For a missed day of school.

The prize wasn’t what they expected.

Journeyed for fun.

Learned awkward lessons

Courtesy of Arlington Cemetery,

The Unknown Soldier and

the work of Lee Harvey Oswald.

Arlington Cemetery.

Eerily quiet.  Creepily Correct.

A mathematician’s symmetrical dream.

Precise angles wherever you looked.

Death done to perfection.

The Unknown Soldier.

Guarded by military precision.

Stony faces mirrored in a marble block.

How many guards pretended

To watch over a fallen buddy?

Four giggling girls

Raced for the van.

One stood with a lump in her throat

That felt as eternal

As the flame at her feet.

Quietly a soldier approached.

Silently laid a hand on the little girl’s shoulder

And stood reverently with her for one brief moment.

Funny…his touch

Reached all the way to my heart.

Wednesday, May 10, 2017 more Outdoor T.V. for you

I can't decide if our baby boy Bourbon (8.5 months and 80+ lbs of muscle!) thinks he's a cat...or a mountain goat.  Hubby took these with his cell phone before I got up the other morning.

Bourbon finds the farming machinery across the road outside our front window fascinating. Guess he'll want a tractor next instead of a new chew toy.

The first one is funny but the second one scares me...there's nothing but air behind him! Hope he doesn't roll over in his sleep.


Friday, April 21, 2017

What the...?!

Yes, I posted this in the bathrooms at the Sr.
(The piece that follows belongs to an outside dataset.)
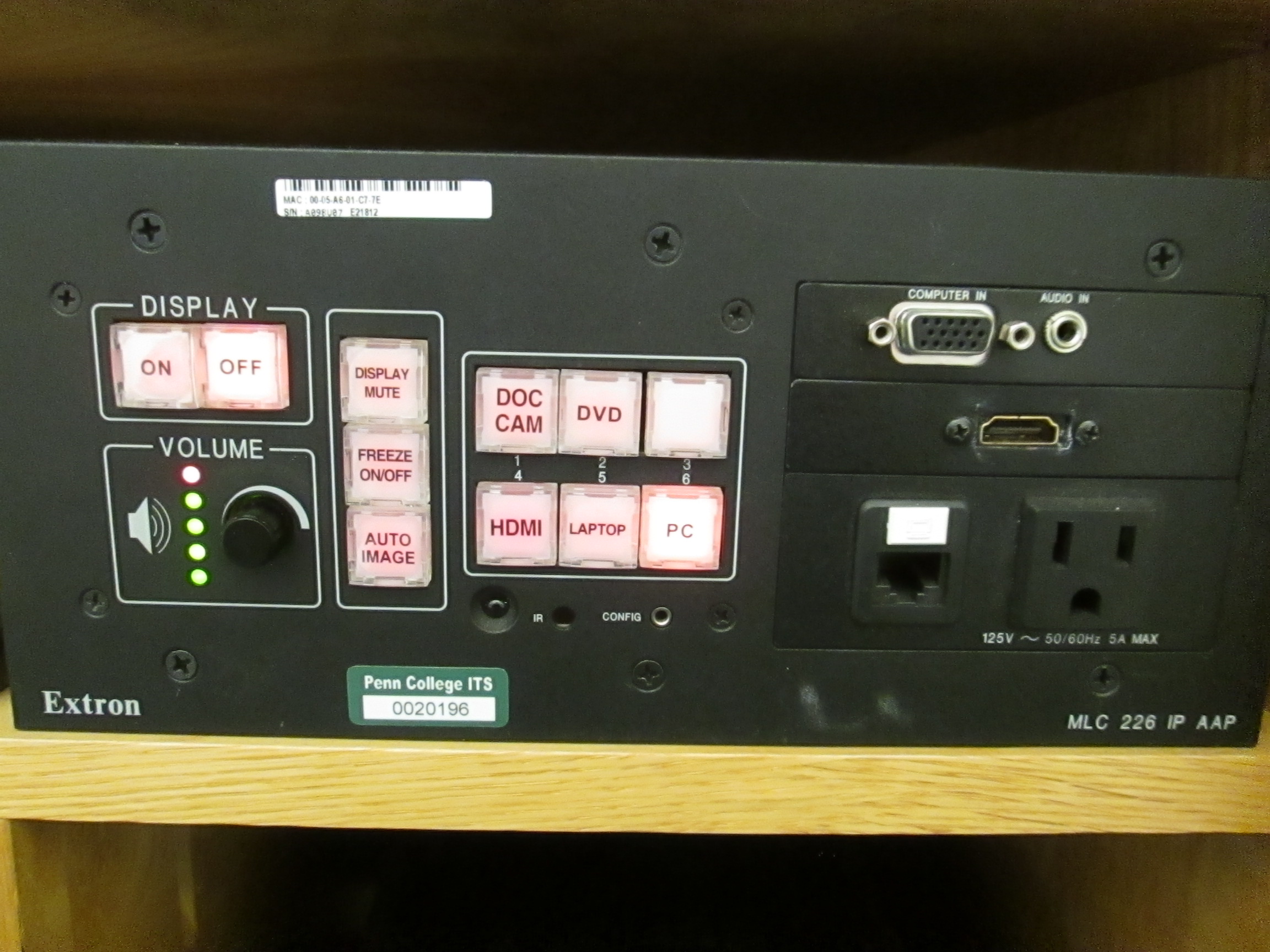 Extron Control Panel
Center because sometimes, it is more tactful to preach to the choir.  Truth is, only one gentleman refuses to flush...and it's not pretty.

Well, the sign worked (for him) for one week.  Now we're back to me wanting to wring his neck because he's an adult, not a child who can't reach the handle.  The man doesn't have any physical ailments (or mental ones, unless you count an attitude) so short of walking up to him and asking if he has a phobia of toilet handles, I'm at a loss.

Suggestions?  Hubby had a couple but I'm not brave (or angry enough) yet to try them.

Otherwise, have a wonderful, stress free weekend!

Friday, April 7, 2017


I stopped at a different gas station today to fill up. Their pumps have one of those "modern" screens which plays 30 second video clips.  Do people really need to be entertained while filling their tank?

I glanced at the screen in an effort to ignore the wind trying to burrow its way through me.  It showed, "Word of the day".  Okay, I'm all for expanding my vocabulary.  The word was "gimcrack".  Pronounced "jim krak", it was defined as,"a cheap and showy ornament. A knickknack." 

This was followed by a video of... Kanye West.

I was laughing too hard to see what came next, although it was probably a special on sodas inside the building.  

Thanks gas pump, whoever thought you'd give me the giggles?

Saturday, April 1, 2017

You Can't Keep A Good Old Gal Down

Yep, yesterday the Old Gal stood up.  What?  You didn't hear me yelling as I came home, "She's alive!"

Someone asked Hubby why we didn't just take a chainsaw to her and the other two pecan trees (which are also upright and staked).  He told me his reply was, "The things you do for the love of a woman."  He explained that I was so heartbroken, he was going to do everything in his power to try and get our old friend upright once more.  And in the mode of "It Takes a Village", a lot of folks have contributed to that shining moment.  

If anyone ever doubted what a good man Hubby is, the Old Gal stands in silent tribute to what a big heart looks like. I wouldn't trade him for anything.

So I'm on my way to get her a good meal of fertilizer to encourage her to dig deep and hold on.  She's already budding out...a good sign for someone whose been lying on her side since October.  She won't retain her former glory in my lifetime (after all, she's well over 200 years old), but seeing her stand proud once more makes my heart sing.

Hubby did it for the love of a woman.  I'm pretty sure he meant me.  But I have a feeling, he meant her too.

Wednesday, March 29, 2017

Returning the Favor

     Working with senior citizens, one of the “odder” parts of my daily ritual is checking the obituary column.  Granted, it began years ago when I was Director of Elections, to ensure our Board knew when a poll worker had died.  It evolved into a habit, which turned into routine.  I remember when two of our poll workers died the same week: Robert Kennedy and Elizabeth Taylor.  I kid you not.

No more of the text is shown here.